**EXERCISE OBJECTIVE**
Write out exactly, excluding pictures, the lines from the one containing "Indicator Random Variable に対する画像結果" through the end of the data, both included.

**DATASET CONTENT**

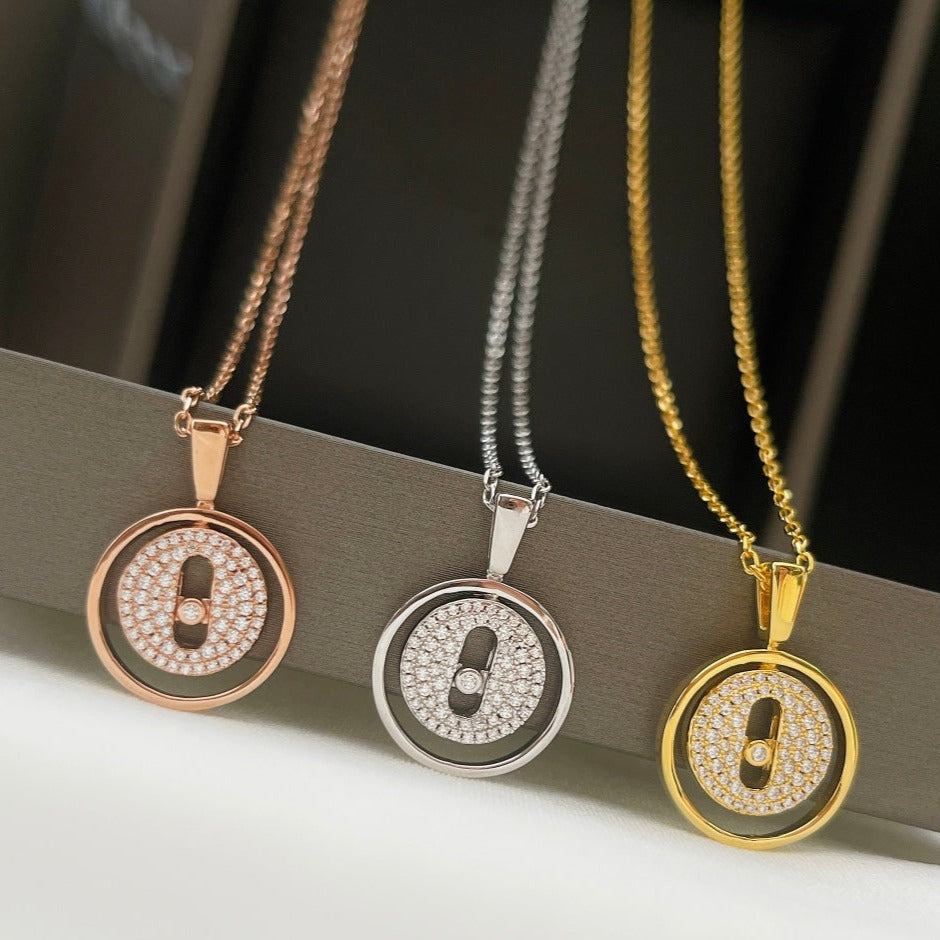 [Loco ]Loco MOVER PM PAVED NECKLACE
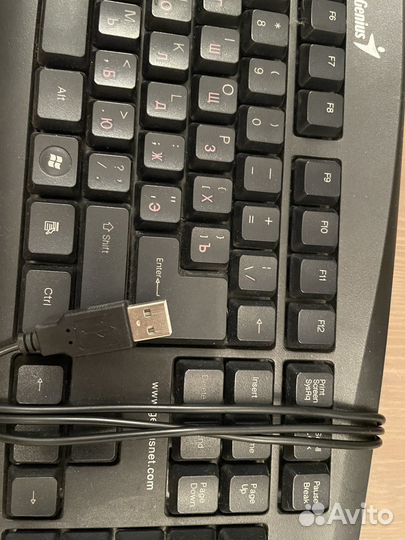Клавиатура genius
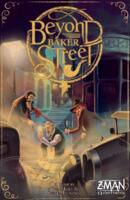 logo przedmiotu Beyond Baker Street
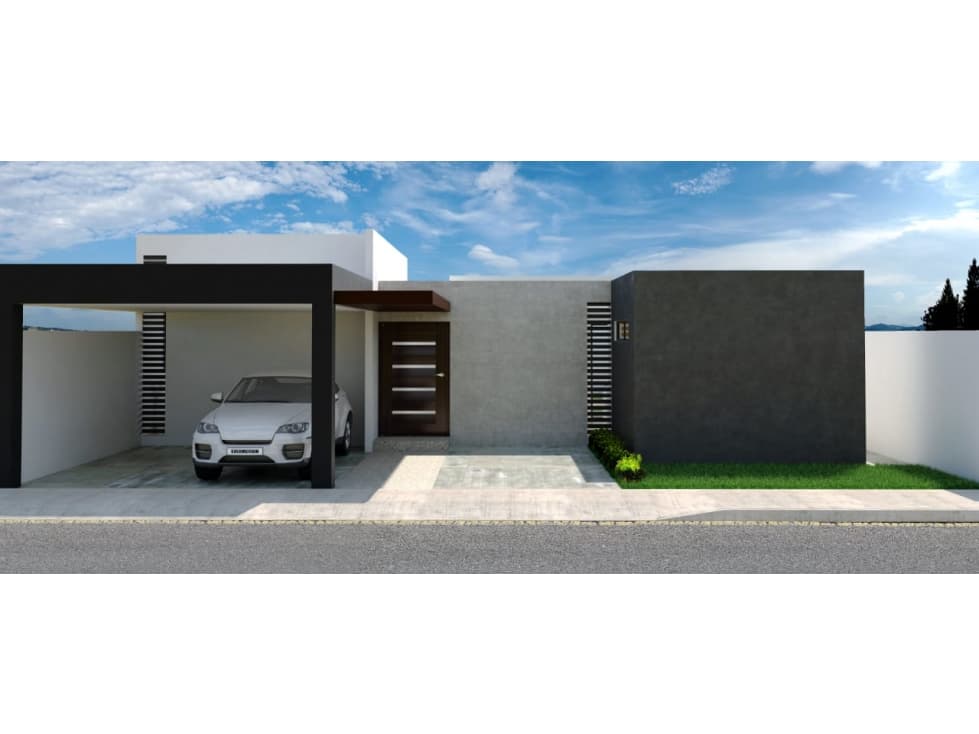 casa en venta a 15 min de merida — foto 1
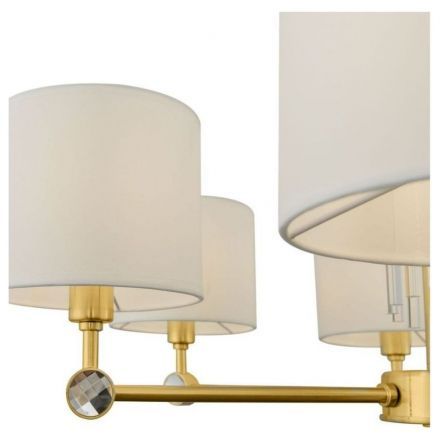 Подвесная люстра Maytoni MOD088PL-06BS Alloro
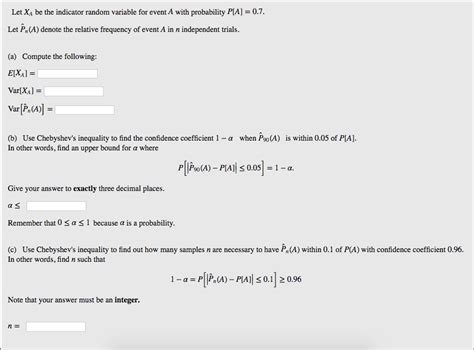 Indicator Random Variable に対する画像結果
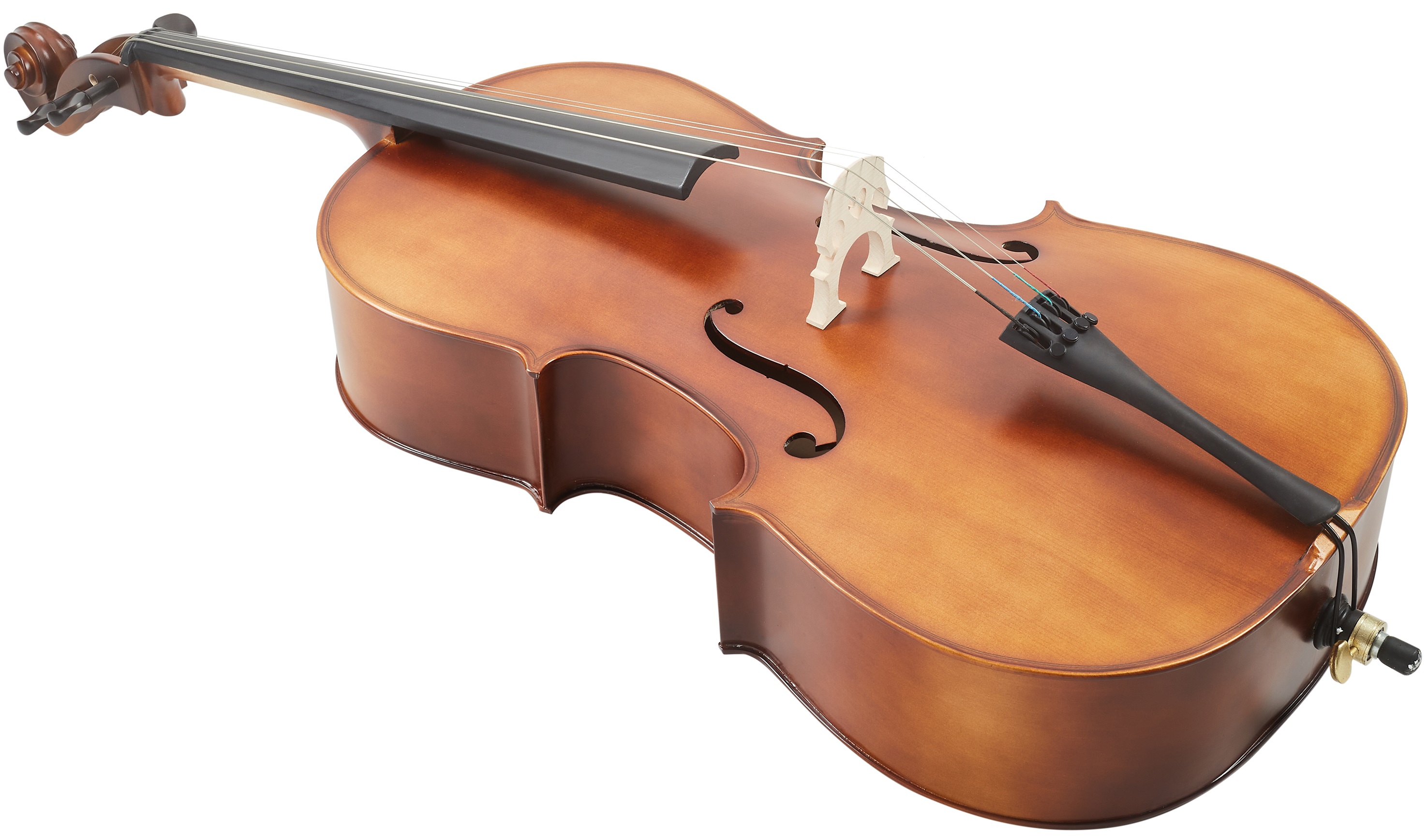 Bacio Instruments Basic Cello (GC102F) 3/4 (rozbalené) (obrázek 3)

**ANSWER AREA**
 Indicator Random Variable に対する画像結果
 Bacio Instruments Basic Cello (GC102F) 3/4 (rozbalené) (obrázek 3)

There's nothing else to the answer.